Task goal :: The answer must consist of the records, repeated exactly.

Records from a data collection
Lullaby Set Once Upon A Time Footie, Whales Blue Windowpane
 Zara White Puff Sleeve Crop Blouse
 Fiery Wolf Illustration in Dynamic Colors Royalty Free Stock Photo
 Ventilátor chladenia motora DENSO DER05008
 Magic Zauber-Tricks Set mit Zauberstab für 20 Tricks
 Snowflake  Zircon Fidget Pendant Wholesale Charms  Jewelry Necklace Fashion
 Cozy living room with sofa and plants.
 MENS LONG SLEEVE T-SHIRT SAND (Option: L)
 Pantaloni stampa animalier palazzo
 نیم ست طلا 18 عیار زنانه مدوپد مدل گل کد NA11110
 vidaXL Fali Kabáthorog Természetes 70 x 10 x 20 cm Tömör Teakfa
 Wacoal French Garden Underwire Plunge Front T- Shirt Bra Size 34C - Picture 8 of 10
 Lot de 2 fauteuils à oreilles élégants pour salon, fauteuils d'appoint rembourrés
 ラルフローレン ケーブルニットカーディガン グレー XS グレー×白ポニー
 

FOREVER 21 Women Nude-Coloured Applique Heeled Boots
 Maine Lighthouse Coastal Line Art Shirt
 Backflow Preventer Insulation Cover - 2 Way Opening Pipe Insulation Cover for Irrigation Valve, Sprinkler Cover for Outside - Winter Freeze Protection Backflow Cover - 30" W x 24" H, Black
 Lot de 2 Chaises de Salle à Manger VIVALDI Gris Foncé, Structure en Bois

Solution to this exercise ::
Lullaby Set Once Upon A Time Footie, Whales Blue Windowpane
 Zara White Puff Sleeve Crop Blouse
 Fiery Wolf Illustration in Dynamic Colors Royalty Free Stock Photo
 Ventilátor chladenia motora DENSO DER05008
 Magic Zauber-Tricks Set mit Zauberstab für 20 Tricks
 Snowflake  Zircon Fidget Pendant Wholesale Charms  Jewelry Necklace Fashion
 Cozy living room with sofa and plants.
 MENS LONG SLEEVE T-SHIRT SAND (Option: L)
 Pantaloni stampa animalier palazzo
 نیم ست طلا 18 عیار زنانه مدوپد مدل گل کد NA11110
 vidaXL Fali Kabáthorog Természetes 70 x 10 x 20 cm Tömör Teakfa
 Wacoal French Garden Underwire Plunge Front T- Shirt Bra Size 34C - Picture 8 of 10
 Lot de 2 fauteuils à oreilles élégants pour salon, fauteuils d'appoint rembourrés
 ラルフローレン ケーブルニットカーディガン グレー XS グレー×白ポニー
 

FOREVER 21 Women Nude-Coloured Applique Heeled Boots
 Maine Lighthouse Coastal Line Art Shirt
 Backflow Preventer Insulation Cover - 2 Way Opening Pipe Insulation Cover for Irrigation Valve, Sprinkler Cover for Outside - Winter Freeze Protection Backflow Cover - 30" W x 24" H, Black
 Lot de 2 Chaises de Salle à Manger VIVALDI Gris Foncé, Structure en Bois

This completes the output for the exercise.